The CPU 12 concludes that any pixel aggregate, with its aspect
ratio, fill ratio, area and recession rate each following within
the range defined by the corresponding specific threshold values,
to be adhering matter.
[0079] In step S430, the CPU 12 makes a decision as to whether or
not a predetermined minimum number of pixel aggregates have been
detected as adhering matter through step S420. Upon making an
affirmative decision in step S430, the CPU 12 proceeds to execute
the processing in step S440, whereas upon making a negative
decision in step S430, it proceeds to execute the processing in
step S330.
[0080] In step S440, the CPU 12 outputs a signal for the cleaning
control unit 5 requesting that the adhering matter settled on the
photographic lens at the camera 1 be removed. In step S450, the CPU
12 restricts the signal output from the warning control unit 36 to
the warning output unit 3 based upon the positions at which the
adhering matter has been detected in step S420. Once the processing
in step S450 is completed, the CPU 12 proceeds to execute the
processing in step S330 in FIG. 8.
[0081] The following advantages are achieved through the embodiment
described above. The in-vehicle apparatus 100 includes the camera
1, which outputs a photographic image of an area surrounding the
vehicle, captured via the photographic lens, and a shielded area is
formed within the photographing area of the camera 1 by the
shielding plate 1a, as shown in FIG. 2. In addition, the in-vehicle
apparatus 100 includes the control unit 2, which functions as an
adhering matter detection unit 32. The adhering matter detection
unit 32 detects adhering matter on the photographic lens based upon
shielded images in a plurality of photographic images output from
the camera 1 at different time points. The control unit 2 further
functions as a signal control unit 33, which controls output
signals based upon the detection results provided via the adhering
matter detection unit 32. The in-vehicle control unit 100
configured with these structural components is able to detect
adhering matter settled on the lens of the camera 1 in an optimal
manner.
[0082] The adhering matter detection unit 32 includes a change
detection unit 34, which generates a difference image based upon a
plurality of shielded images and a shape decision-making unit 35,
which makes a decision as to whether or not each pixel aggregate
included in the difference image should be regarded as adhering
matter based upon the shape of the pixel aggregate. Such use of the
difference image over the shielded area for purposes of adhering
matter detection ensures that adhering matter can be accurately
detected regardless of how the scene outside the vehicle may
change. In particular, the use of the difference image in the
shielded area is particularly effective when detecting transparent
adhering matter, since it will never be lost within an image of the
scene (background) outside the vehicle.
[0083] As shown in FIG. 2, the camera 1 includes the shielding
plate 1a, which forms a shielded area within the angle of view. The
part of the shielding plate 1a that forms the shielded area is
located further toward the subject relative to the photographic
lens. As a result, adhering matter settled on the photographic lens
is bound to appear in the shielded image with clarity, and, at the
same time, it is ensured that the image of the scene outside the
vehicle is not included in the shielded images.
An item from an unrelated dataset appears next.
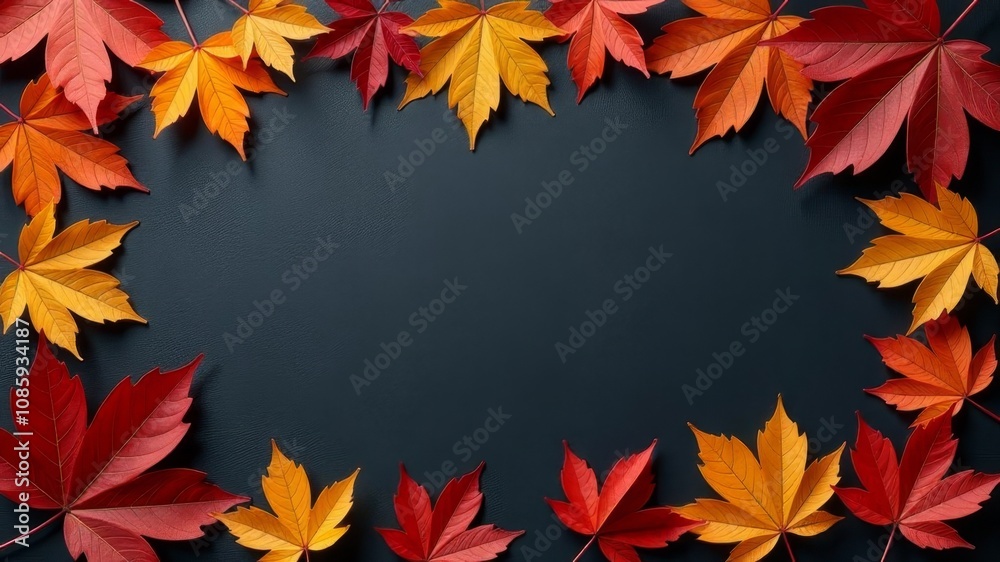 Frame of autumn leaves with empty center made for text on dark rustic background Frame of autumn leaves with empty center made for text on dark rustic background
[0084] The camera 1 photographs the surface of the road to the rear
of the vehicle through the photographic lens. The shielding plate
1a is disposed so as to block light fluxes advancing from origins
other than the road surface toward the photographic lens. Through
these measures, the LDW function and the adhering matter detection
are enabled at the same time.
[0085] If adhering matter is detected by the adhering matter
detection unit 32 (step S430), the signal control unit 33 outputs a
control signal for the cleaning control unit 5 requesting that the
photographic lens be cleaned (step S440) and also restricts the
signal output from the warning control unit 36 to the warning
output unit 3 (step S450). Through these measures, the reliability
of a warning issued through the LDW function is assured.
Second Embodiment
<Setting the Shielded Area for an Image>
[0086] FIG. 11 is a control block diagram pertaining to control
executed in the in-vehicle apparatus achieved in the second
embodiment of the present invention. The second embodiment is
distinguishable from the first embodiment in that a body model 37
describing the structural shapes and dimensions of the components
of an automobile and the camera and a tolerance model 38 describing
the mounting tolerance with which the various structural components
can be mounted are input to the shielded area-setting unit 31, as
shown in FIG. 11.
[0087] The concept of "mounting tolerance" will be first explained.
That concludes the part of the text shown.